Thrown repeatedly into the vortex of this vicious cycle, the people of GB have been at the receiving end of over 70 years of subjugation and uncertainty. Articulation of their legitimate grievances and demands has been reciprocated by the wrath of the Pakistani military establishment. Political activists are routinely detained on flimsy grounds, and disappearances are common. The media has been browbeaten into submission, and contrarian voices are denied vent. The Human Rights Commission of Pakistan has repeatedly highlighted the plight of GB residents and enjoined the Pakistani government to ensure their rights. 

In these circumstances, the responsibility of international organizations, especially the United Nations Human Rights Council (UNHRC) that is mandated to look into such violations of human rights, cannot be overstated. In order to contribute towards the people of GB being given their rights, the UNHRC would require to move beyond the toothlessness it exposed in its first ever report on Jammu & Kashmir last year in which it skimmed over GB while hiding behind the pretext of the Pakistani government curtailing access to the region. 

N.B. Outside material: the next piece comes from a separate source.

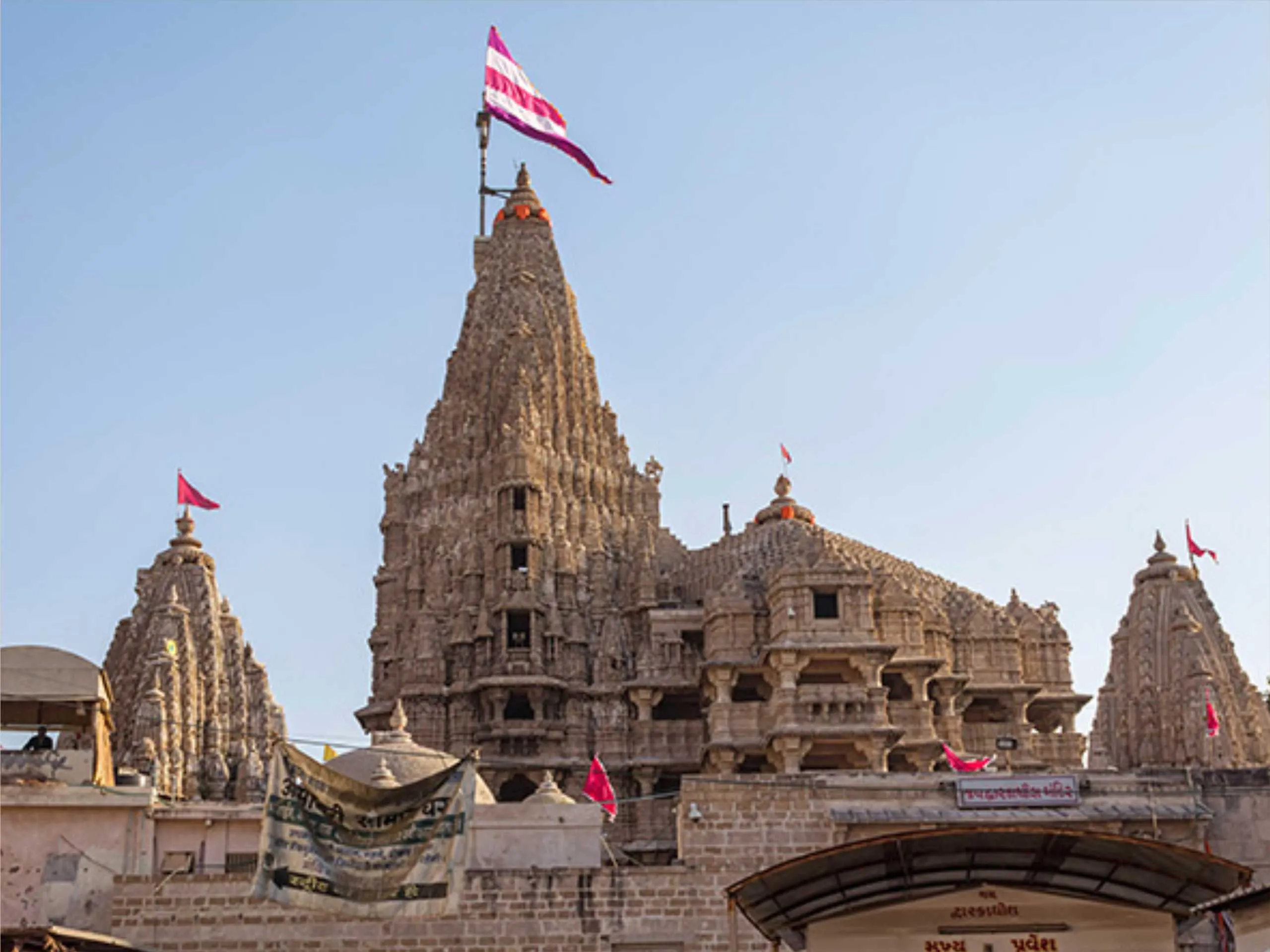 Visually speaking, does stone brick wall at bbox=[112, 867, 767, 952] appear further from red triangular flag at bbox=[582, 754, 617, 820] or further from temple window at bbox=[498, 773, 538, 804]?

After all, Antía Mato Bouzas, the author of the study titled ‘Territorialisation, Ambivalence, and Representational Spaces in Gilgit-Baltistan’ for Leibniz-Zentrum Moderner Orient, Berlin, did succeed in gaining sufficient access to first-hand information in GB that enabled him to conclude that “In practice, however, the authoritarian side of the (Pakistani) state, vested in the military, has intervened significantly in border territories, mostly in Baltistan, and promoted an economy of dependence under the pretext of security. Moreover, in recent years, the construction and planning of major infrastructure projects in Gilgit-Baltistan have further highlighted the larger geo-strategic importance of the area. These interventions are focused on the creation and growth of connections with Pakistan and China. They promote new representations of space that are detached from the Kashmir conflict...”.